## Get Data

In [26]:
%load_ext autoreload
%autoreload 2
import os, sys


import pandas as pd
import numpy as np
import plotly
from data_processing import process_data, clean_data, cluster_rental_location, generate_features, bin_values

import pandas as pd
from datetime import datetime
import plotly.graph_objects as go
import plotly.express as px
from sklearn.cluster import KMeans

The autoreload extension is already loaded. To reload it, use:
  %reload_ext autoreload


Intel(R) Extension for Scikit-learn* enabled (https://github.com/intel/scikit-learn-intelex)


In [None]:
pd.options.plotting.backend = "plotly"

DATA_DIR = './data'
train = os.path.join(DATA_DIR, 'train.csv')
test = os.path.join(DATA_DIR, 'test.csv')

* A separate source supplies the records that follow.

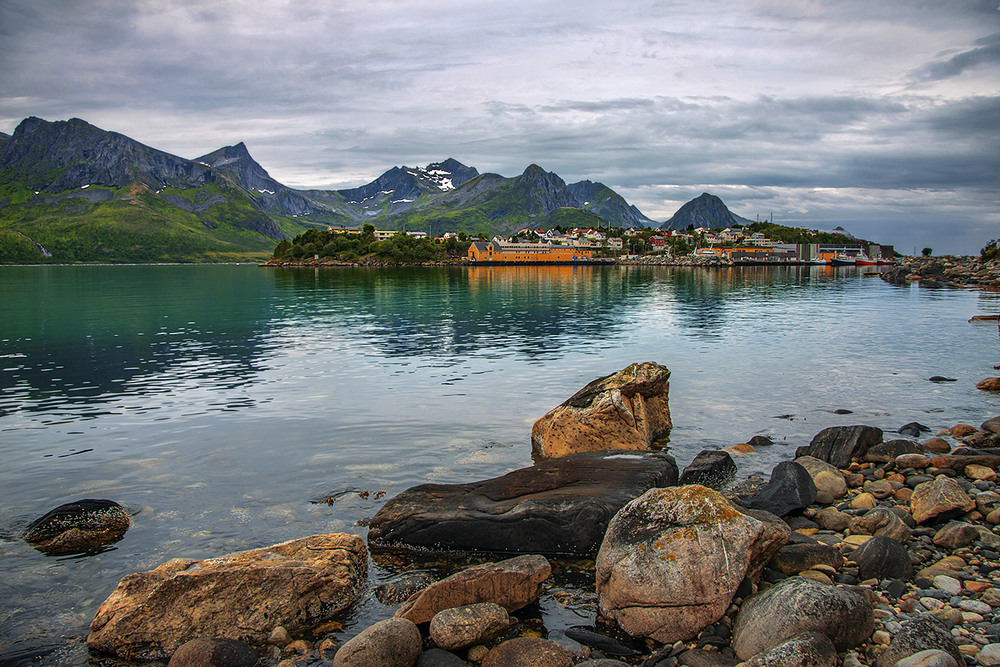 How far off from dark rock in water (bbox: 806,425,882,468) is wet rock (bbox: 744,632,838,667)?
34.2ft

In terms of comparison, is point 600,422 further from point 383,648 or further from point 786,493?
point 383,648

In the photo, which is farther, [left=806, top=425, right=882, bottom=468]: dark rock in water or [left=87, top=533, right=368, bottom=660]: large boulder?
[left=806, top=425, right=882, bottom=468]: dark rock in water

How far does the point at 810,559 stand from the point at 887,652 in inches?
112

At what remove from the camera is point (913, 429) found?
68.6ft

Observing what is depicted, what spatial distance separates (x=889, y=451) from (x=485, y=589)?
1310cm

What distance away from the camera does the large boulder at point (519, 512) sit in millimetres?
12414

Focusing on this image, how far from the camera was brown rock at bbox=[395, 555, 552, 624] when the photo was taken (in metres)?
9.80

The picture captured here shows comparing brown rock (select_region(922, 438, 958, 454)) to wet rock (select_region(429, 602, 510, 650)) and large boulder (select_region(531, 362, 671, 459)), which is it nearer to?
large boulder (select_region(531, 362, 671, 459))

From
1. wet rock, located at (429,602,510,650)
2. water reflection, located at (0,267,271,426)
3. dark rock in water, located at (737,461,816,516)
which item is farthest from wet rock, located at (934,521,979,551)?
water reflection, located at (0,267,271,426)

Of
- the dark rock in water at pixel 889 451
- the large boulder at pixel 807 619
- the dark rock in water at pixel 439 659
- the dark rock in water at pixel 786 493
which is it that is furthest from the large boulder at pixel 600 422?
the dark rock in water at pixel 439 659

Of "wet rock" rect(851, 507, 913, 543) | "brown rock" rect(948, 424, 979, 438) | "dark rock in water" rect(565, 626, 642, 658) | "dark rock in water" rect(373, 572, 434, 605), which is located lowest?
"dark rock in water" rect(373, 572, 434, 605)

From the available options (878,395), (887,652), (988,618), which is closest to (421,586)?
(887,652)

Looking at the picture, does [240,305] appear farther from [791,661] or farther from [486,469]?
[791,661]

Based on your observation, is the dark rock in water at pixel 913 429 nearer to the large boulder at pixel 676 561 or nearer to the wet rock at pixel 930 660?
the large boulder at pixel 676 561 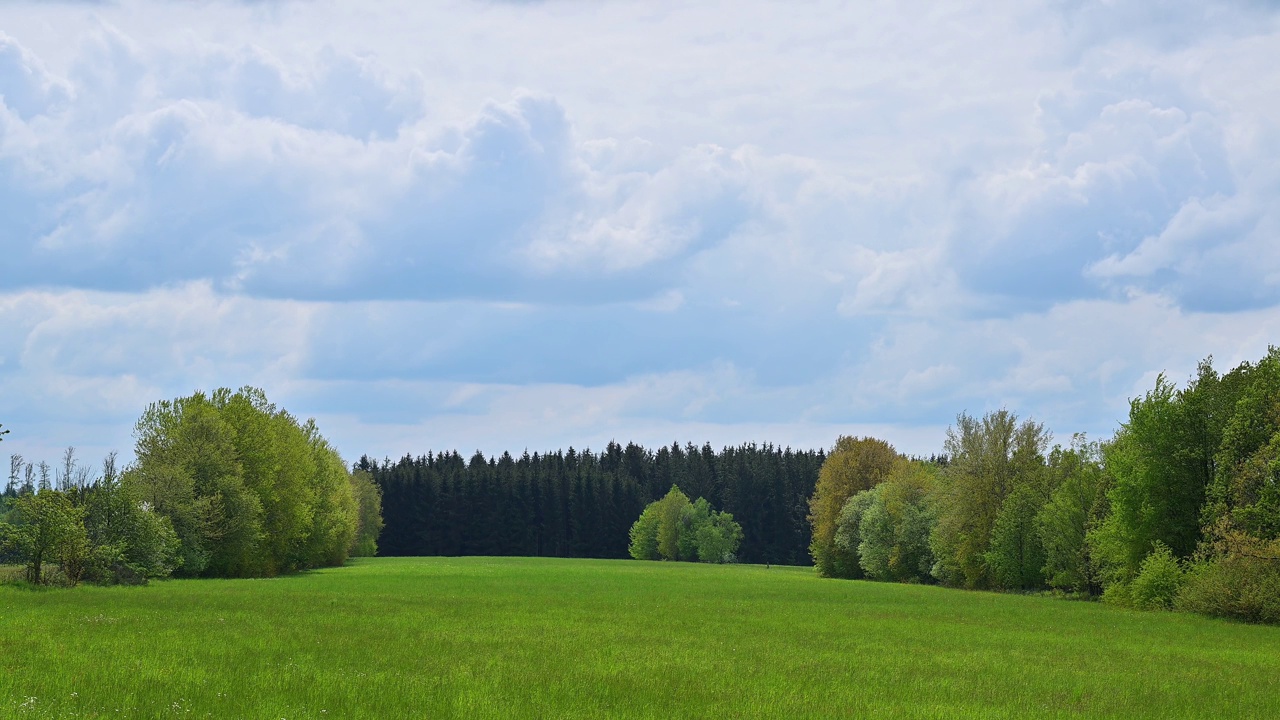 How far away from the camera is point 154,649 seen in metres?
25.9

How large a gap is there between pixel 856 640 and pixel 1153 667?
9177 millimetres

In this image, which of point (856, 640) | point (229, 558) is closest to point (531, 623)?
point (856, 640)

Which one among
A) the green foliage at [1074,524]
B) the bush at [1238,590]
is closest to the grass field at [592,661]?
the bush at [1238,590]

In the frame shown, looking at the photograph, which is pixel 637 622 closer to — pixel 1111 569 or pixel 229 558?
pixel 1111 569

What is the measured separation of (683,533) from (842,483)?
68753 millimetres

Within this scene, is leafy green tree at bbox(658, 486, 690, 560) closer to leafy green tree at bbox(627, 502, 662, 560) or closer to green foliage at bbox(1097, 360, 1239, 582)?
leafy green tree at bbox(627, 502, 662, 560)

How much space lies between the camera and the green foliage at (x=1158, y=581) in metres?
53.0

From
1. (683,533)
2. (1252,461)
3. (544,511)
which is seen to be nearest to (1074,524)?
(1252,461)

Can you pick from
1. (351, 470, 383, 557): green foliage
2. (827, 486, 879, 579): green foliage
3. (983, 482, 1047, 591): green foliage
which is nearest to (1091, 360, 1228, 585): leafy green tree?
(983, 482, 1047, 591): green foliage

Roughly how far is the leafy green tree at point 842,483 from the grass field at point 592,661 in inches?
2368

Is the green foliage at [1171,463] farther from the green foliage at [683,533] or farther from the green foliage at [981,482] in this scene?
the green foliage at [683,533]

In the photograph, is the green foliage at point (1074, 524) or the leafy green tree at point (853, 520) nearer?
the green foliage at point (1074, 524)

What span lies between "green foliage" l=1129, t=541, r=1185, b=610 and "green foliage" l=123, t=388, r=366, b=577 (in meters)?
54.3

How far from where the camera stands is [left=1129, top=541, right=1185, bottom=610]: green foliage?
174 feet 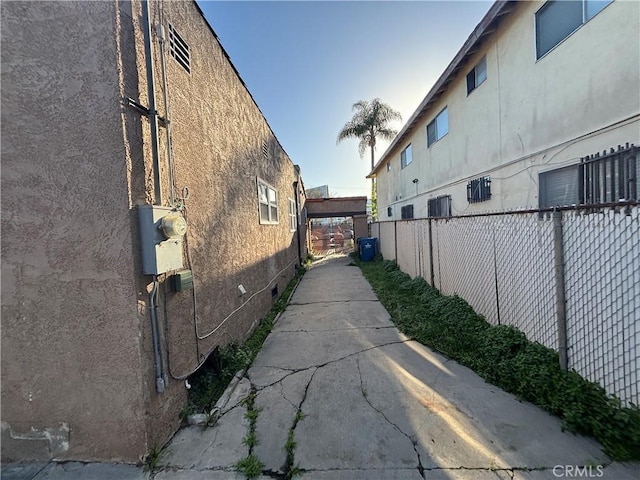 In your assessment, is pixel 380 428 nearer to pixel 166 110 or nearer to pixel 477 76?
pixel 166 110

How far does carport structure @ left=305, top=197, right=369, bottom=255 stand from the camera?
16969 millimetres

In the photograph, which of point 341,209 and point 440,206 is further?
point 341,209

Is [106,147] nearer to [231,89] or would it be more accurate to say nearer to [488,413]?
[231,89]

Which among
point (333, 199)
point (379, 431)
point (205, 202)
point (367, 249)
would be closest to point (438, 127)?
point (367, 249)

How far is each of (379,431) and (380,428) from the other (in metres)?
0.04

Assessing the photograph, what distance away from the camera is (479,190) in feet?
23.2

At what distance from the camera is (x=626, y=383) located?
215 centimetres

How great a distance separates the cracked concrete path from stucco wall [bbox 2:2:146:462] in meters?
0.88

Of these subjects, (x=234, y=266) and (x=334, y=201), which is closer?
(x=234, y=266)

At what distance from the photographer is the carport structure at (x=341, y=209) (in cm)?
1697

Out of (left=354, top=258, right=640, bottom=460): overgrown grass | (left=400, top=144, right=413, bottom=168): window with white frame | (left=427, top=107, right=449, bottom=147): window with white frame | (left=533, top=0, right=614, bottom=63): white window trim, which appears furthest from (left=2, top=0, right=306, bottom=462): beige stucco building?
(left=400, top=144, right=413, bottom=168): window with white frame

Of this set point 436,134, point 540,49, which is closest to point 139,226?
point 540,49

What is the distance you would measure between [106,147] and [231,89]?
2718 millimetres

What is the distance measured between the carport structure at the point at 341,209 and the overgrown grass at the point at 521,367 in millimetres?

train_final = os.path.join(DATA_DIR, 'train_with_mrt_mall_school.csv')
test_final = os.path.join(DATA_DIR, 'test_with_mrt_mall_school.csv')
train_final_df, test_final_df = pd.read_csv(train_final), pd.read_csv(test_final)
train_df, test_df = pd.read_csv(train), pd.read_csv(test)

train_df_cleaned, test_df_cleaned = clean_data(train_df), clean_data(test_df)
train_df_cleaned, test_df_cleaned = process_data(train_df_cleaned), process_data(test_df_cleaned, mode='test')
train_df_cleaned_final, test_df_cleaned_final = clean_data(train_final_df), clean_data(train_final_df)
train_df_cleaned_final, test_df_cleaned_final = process_data(train_df_cleaned_final), process_data(test_df_cleaned_final, mode='test')

train_df_cleaned, test_df_cleaned = generate_features(train_df_cleaned, test_df_cleaned)
train_df_cleaned_final, test_df_cleaned_final = generate_features(train_df_cleaned_final, test_df_cleaned_final)

## Price over time (Date only)

In [3]:
trained_df_group_avg = train_df_cleaned.groupby('rent_approval_date').mean(numeric_only=True).reset_index()
trained_df_group_avg.plot.line(x='rent_approval_date', y='monthly_rent', title='time vs. rental price', width=800, height=500)

In [4]:
trained_df_group_avg = train_df_cleaned.groupby('rent_approval_date').mean(numeric_only=True).reset_index()
trained_df_group_avg.plot.line(x='rent_approval_date', y='psqm', title='time vs. per-square-meter price', width=800, height=500)

## Price overtime

In [18]:
def plot_psqm_trend(df, target_attr):
  df = df.copy()
  trained_df_group_avg = df.groupby(['rent_approval_date', target_attr]).mean(numeric_only=True).reset_index()
  return trained_df_group_avg.pivot(index='rent_approval_date', columns=target_attr, values='psqm').plot.line(title=f'{target_attr} per squre meter price', width=800, height=500)

### Regional

In [20]:
plot_psqm_trend(train_df_cleaned, 'region').show()

### Town Level

In [21]:
plot_psqm_trend(train_df_cleaned, 'town').show()

### Planning Area

In [24]:
plot_psqm_trend(train_df_cleaned, 'planning_area').show()

## Price with MRT station

In [10]:
train_df_cleaned_final.plot.scatter(x='nearest_mrt_dist', y='psqm')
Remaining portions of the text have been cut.